In programming languages we often build “data” out of sums (either this kind of thing or that kind of thing) and products (this kind of thing and that kind of thing together), and every serializable notion of data, like binary, Unicode text, JSON, etc. falls into that pattern pretty easily. But right down at the lowest level, when we encode a binary bit (or boolean value) as “either 0 or 1″… when the “kind of thing” is a 0, what does it take to store it? Nothing; if we know we’re trying to read something of kind 0, we already know the value without even looking at the data. The same goes for 1. It turns out a bit is just “either this or that” when we only care about the branch itself, not what this or that actually represent. Our algorithms could actually be operating on secretly richer data structures, and they just happen to ignore that substructure.

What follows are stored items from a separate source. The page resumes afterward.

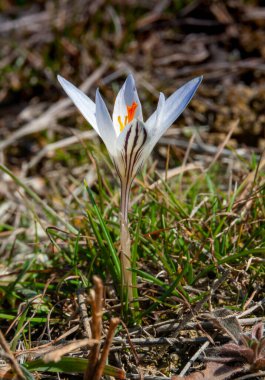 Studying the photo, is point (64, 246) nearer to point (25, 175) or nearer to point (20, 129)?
point (25, 175)

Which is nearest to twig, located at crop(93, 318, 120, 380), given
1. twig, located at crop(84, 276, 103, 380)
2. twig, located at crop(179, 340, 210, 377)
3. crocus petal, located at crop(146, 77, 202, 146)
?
twig, located at crop(84, 276, 103, 380)

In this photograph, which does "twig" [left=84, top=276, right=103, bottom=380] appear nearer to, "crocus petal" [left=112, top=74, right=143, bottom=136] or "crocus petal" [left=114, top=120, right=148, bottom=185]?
"crocus petal" [left=114, top=120, right=148, bottom=185]

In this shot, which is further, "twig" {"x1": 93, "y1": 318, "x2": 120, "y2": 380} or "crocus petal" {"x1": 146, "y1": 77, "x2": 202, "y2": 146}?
"crocus petal" {"x1": 146, "y1": 77, "x2": 202, "y2": 146}

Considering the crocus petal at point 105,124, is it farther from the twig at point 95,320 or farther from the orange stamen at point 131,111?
the twig at point 95,320

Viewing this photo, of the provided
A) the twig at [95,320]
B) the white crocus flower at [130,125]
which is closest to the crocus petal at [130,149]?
the white crocus flower at [130,125]

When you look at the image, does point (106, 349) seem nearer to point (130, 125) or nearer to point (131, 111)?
point (130, 125)

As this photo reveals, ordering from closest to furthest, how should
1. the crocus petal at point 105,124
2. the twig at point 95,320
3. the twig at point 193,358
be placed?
1. the twig at point 95,320
2. the crocus petal at point 105,124
3. the twig at point 193,358

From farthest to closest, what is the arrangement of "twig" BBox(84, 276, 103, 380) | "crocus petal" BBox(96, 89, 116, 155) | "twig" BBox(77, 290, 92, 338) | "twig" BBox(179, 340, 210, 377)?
1. "twig" BBox(77, 290, 92, 338)
2. "twig" BBox(179, 340, 210, 377)
3. "crocus petal" BBox(96, 89, 116, 155)
4. "twig" BBox(84, 276, 103, 380) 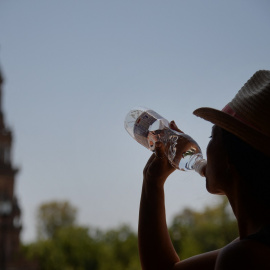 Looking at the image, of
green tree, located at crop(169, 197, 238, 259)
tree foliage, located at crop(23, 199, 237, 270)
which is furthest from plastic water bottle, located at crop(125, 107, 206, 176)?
tree foliage, located at crop(23, 199, 237, 270)

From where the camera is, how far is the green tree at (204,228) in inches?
52.4

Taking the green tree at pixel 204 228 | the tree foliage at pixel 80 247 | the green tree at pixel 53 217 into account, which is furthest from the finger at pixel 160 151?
the green tree at pixel 53 217

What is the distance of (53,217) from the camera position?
13953mm

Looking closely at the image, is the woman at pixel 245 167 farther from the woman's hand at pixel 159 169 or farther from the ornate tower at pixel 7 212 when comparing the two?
the ornate tower at pixel 7 212

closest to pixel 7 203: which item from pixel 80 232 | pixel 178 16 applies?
pixel 80 232

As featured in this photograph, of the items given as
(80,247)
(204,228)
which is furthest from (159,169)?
(80,247)

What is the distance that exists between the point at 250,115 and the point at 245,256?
0.13 meters

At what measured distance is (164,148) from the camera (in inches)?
23.0

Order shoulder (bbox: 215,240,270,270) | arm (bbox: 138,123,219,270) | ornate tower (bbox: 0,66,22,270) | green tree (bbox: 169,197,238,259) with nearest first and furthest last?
shoulder (bbox: 215,240,270,270) < arm (bbox: 138,123,219,270) < green tree (bbox: 169,197,238,259) < ornate tower (bbox: 0,66,22,270)

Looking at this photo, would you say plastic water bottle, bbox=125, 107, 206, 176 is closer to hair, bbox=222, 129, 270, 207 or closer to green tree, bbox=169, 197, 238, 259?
hair, bbox=222, 129, 270, 207

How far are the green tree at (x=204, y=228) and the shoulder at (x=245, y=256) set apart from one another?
33.8 inches

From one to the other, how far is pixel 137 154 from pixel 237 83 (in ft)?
0.95

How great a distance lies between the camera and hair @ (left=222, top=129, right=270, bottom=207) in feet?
1.30

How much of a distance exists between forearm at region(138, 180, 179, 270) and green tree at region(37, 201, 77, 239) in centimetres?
1293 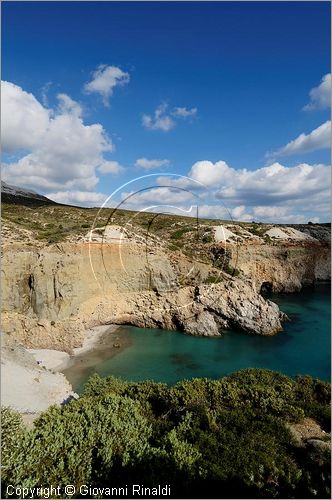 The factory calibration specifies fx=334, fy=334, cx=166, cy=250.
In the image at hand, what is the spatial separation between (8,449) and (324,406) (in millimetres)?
11520

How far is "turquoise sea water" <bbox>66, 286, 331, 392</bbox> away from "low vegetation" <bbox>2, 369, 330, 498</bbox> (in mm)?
10493

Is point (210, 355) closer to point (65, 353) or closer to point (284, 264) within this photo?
point (65, 353)

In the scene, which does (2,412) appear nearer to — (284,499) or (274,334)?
(284,499)

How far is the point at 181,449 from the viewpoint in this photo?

In most languages, we can hold state containers and external references in our data structures, even though they don’t have the same serializable nature as sums or products. Many utilities that operate on data structures (say, a utility that reverses a list) will simply leave these exotic values alone. The secretly rich substructure actually exists, and it’s crucial to the other parts of the program.
A more common word to use to discuss this secrecy is polymorphism. If a utility really doesn’t care about what type it’s dealing with, it’s polymorphic in that type. Often things are polymorphic only up to some condition on the types involved, and conditions on individual types tend to be represented as types of their own. Implications between conditions are subtyping relations: A is a subtype of B iff A’s condition is sufficient to ensure B’s condition.
Reactive programming turns programming on its head in the following way: Suppose sums represent decisions that change over time, rather than eternally fixed, serializable bits. It turns out most of our programming patterns are actually polymorphic enough to continue making sense under this interpretation. Naively, we can just run our programs over and over every time a decision changes.
Dependent typing turns programming on its head in a similar way: Suppose every value is associated with some other value (its type) that represents what we know about that value at compile time. Unlike in many kinds of static typing, dependent typing breaks down boundaries that typically distinguish types from values, and a polymorphic utility can potentially work on types as easily as it works on values, so that some of our existing programming patterns can essentially be used for extending the compiler.
That’s one ideal of dependent typing anyway; in dependent type systems, there’s a tradeoff between ease-of-use and the mathematical rigor of “what we know about that value.” Mathematical rigor isn’t really something we can have halfway (though there are multiple ways we can appraise it, e.g. multiple foundational theories our own theory can be relatively consistent to or expressive of), so lots of research effort goes into pushing the boundaries of usability while preserving desirable proof-theoretical properties. For instance, if we naively allow arbitrary (potentially nonterminating) computation or allow full polymorphism on some type of all types (including this one), we open the door to mathematical inconsistency, and our compile-time knowledge is no longer trustworthy.
In effect, dependent typing introduces some new exotic values to our data structures (the exotic values being types), and certain kinds of dependent typing classify nonterminating functions as being too exotic to fit.
Back to syntax
I opened with a mention of syntax, and then I’ve blitzed through data, polymorphism, and these alternate kinds of dataflow on my way to the point.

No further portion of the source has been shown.